The world’s leading publication for data science, AI, and ML professionals.

Analyzing Health Surveys Made Easy with Functions in R

Solving the issue of having missing data in the variables for sampling design

Have you ever pooled many health surveys which have a complex sampling design and include variables such as primary sampling unit (PSU), stratum, and sampling weights? Only to find that some of these surveys did not have any of these variables at all (e.g., PSU and sampling weights only, not stratum)? Here’s an efficient solution packing the datasets in a list and applying functions that will deliver the results you’re looking for.

Photo by Scott Graham on Unsplash
Photo by Scott Graham on Unsplash

In a pooled dataset of many health Surveys, some of which may not have all three variables (PSU, stratum, and sampling weights), if you were to conduct a complete-case analysis, you will only keep the datasets with data for the three variables. This might lead to a substantial sample size reduction as we will need to exclude the datasets with, for example, PSU and sampling weights but without data for the stratum variable.

My solution? To analyze each dataset independently, leveraging whatever variable they have (e.g., PSU and sampling weights only, not stratum). Unfortunately, analyzing each dataset at a time will be inefficient. However, having faced this issue several times in over seven years of professional experience in research and dozens of peer-reviewed papers utilizing health surveys, I came up with a set of functions and steps.


  1. Drop missing observations in PSU, stratum, and sampling weights, if the number of missing values is different from the sample size of such a dataset. In other words, if there is a dataset of 100 observations and 20 had missing data in PSU, I will exclude these 20 observations. Conversely, if the number of missing values in PSU were 100 (i.e., PSU completely empty), I will keep the dataset as is. Because this would suggest that the PSU variable was not available by design or simply not included with the dataset, as it may be the case with datasets we download.
  2. In each of the surveys, I will create a new variable called type which will identify whether one of the three variables was completely missing, two were completely missing, three were completely missing, and all possible combinations. For example, type = 1 if all three variables were present, type = 2 if stratum and sampling weights were missing, and so forth.
  3. Compute the metrics of interest using whatever variable(s) was available. This will leverage the information in the type variable created in the previous step. For example, if type flagged this dataset as only having PSU and sampling weights, for that specific dataset, we will compute the results leveraging those two variables, whereas for other datasets which have the three variables complete, the results will be computed using the PSU, stratum, and sampling weights.

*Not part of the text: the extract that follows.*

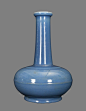 A CLEAR-DE-LUNE GLAZED VASE. The vase is single-gourd shaped and the exterior is overall a ligth blue color tone. There is a marked seal on the base of the vase. 13 1/4 in. H. Qing Dynasty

The trick is to put every dataset inside a list and apply the functions to each element in the list (i.e., to each dataset or survey in the list). That way, you can also work with each dataset independently if needed.

First, I will explain each function and what they do. Then, I will provide a practical example using the functions.


A. Deal with the missing values

These functions, when applied to each dataset, will exclude missing observations if the number of missing values is different from the total number of observations in the dataset.

For example, if the dataset has 100 people and 20 were missing the PSU variable, these 20 observations will be dropped. Conversely, if 100 people were missing the PSU variable, we will keep the dataset as is.

This approach assumes that, if all observations had missing data for the PSU variable, it is because that was the case by design, or this information was not provided with the dataset. In either case, there is little or nothing we can do. But we can still leverage whatever information is available. That is, if PSU is completely missing but the dataset has stratum and sampling weights, we can leverage these variables in our analysis.

countNA <- function(x)sum(is.na(x))

cleaning_svy <- function(df){
  if (countNA(df$psu) != nrow(df)){
    df <- df[which(!is.na(df$psu)), ]
  } 
  if (countNA(df$stratum) != nrow(df)){
    df <- df[which(!is.na(df$stratum)), ]
  }
  if (countNA(df$wstep2) != nrow(df)){
    df <- df[which(!is.na(df$wstep2)), ]
  }
  return(df)
}

B. Flagging the datasets

We have excluded the few observations with missing data for either PSU, stratum, and sampling weights, and yet we have kept the datasets that had all missing values for either of these variables.

In this step, we will create a new variable that will flag each dataset according to the variables it has. For example, we will identify if the dataset has all three variables, only one (e.g., PSU only), only two (e.g., PSU and sampling weights only), and all possible pair-wise combinations (e.g., PSU and sampling weights but not stratum).

This new variable, which we will name type, will be used later to compute the results using the available data. For instance, if a dataset is flagged as having all three variables, we will use the three variables to compute the results, whereas if a dataset is flagged as only having PSU and sampling weights, we will compute the results using these two variables only.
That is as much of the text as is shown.